O lance é o seguinte: um “enviado divino” vai até um sebo e encomenda uma série de livros que serão utilizados na decoração de um endinheirado qualquer.

Geralmente são expostos em estantes ou mesinhas de centro. E pior, a “modalidade” é conhecida entre os decoradores e arquitetos como coffee-table books.

Os interessados podem comprar as obras de acordo com o gênero desejado. Para os moderninhos, livros “caríssimos” de arte e design, geralmente importados. Para os clássicos, literatura francesa, com direito a capa de couro e tudo.

A primeira vez que li sobre isso foi em uma matéria da revista TPM, mas depois de algum tempo comecei a perceber que outras pessoas conheciam tal modalidade.

Alguns especialistas afirmam que o tema precisa compor o “habitat natural”; misturar pintores renascentistas a ambientes futuristas pode causar estranheza e quebrar a harmonia (bonito isso, não?)

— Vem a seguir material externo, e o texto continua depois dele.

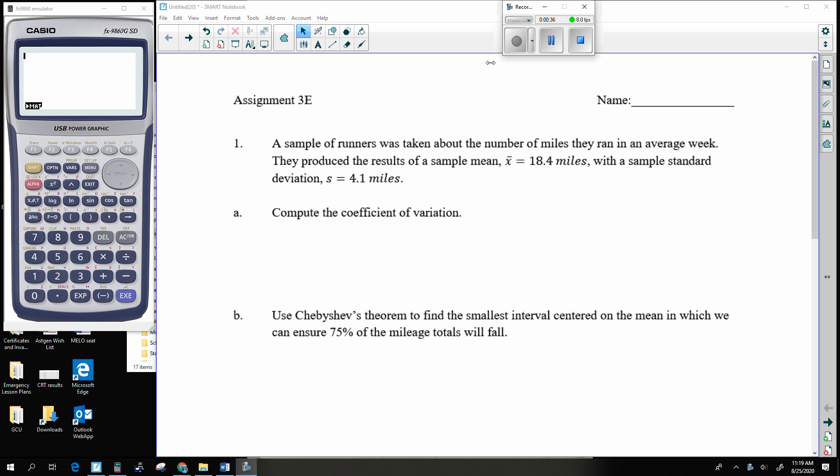We should know how to do part A — that's just the coefficient of variation. And then we will be introduced to Chebyshev. So here we go, let's get this ball rolling.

Segundo uma matéria publicada no site Clic Negócios.com, a disposição nas prateleiras também exige uma dose de requinte. Portanto, para mostra-se culto é preciso organização.

Eu, particularmente, acho deprimente comprar livros como objeto de decoração, mas há quem cultive – e ganhe dinheiro – com a idéia.

De acordo com a matéria publicada na revista TPM, há sebos em São Paulo que já venderam coleções completas por R$ 18 000,00 (mais do que vale o carro dessa pobre escriba).

Depois de toda “bizarrice” passei a questionar donos de bibliotecas muito densas e de conhecidos cuja mesinha de centro possui algum livro de artes plásticas aberto. É triste, eu sei, mas cultura se compra nos dias de hoje.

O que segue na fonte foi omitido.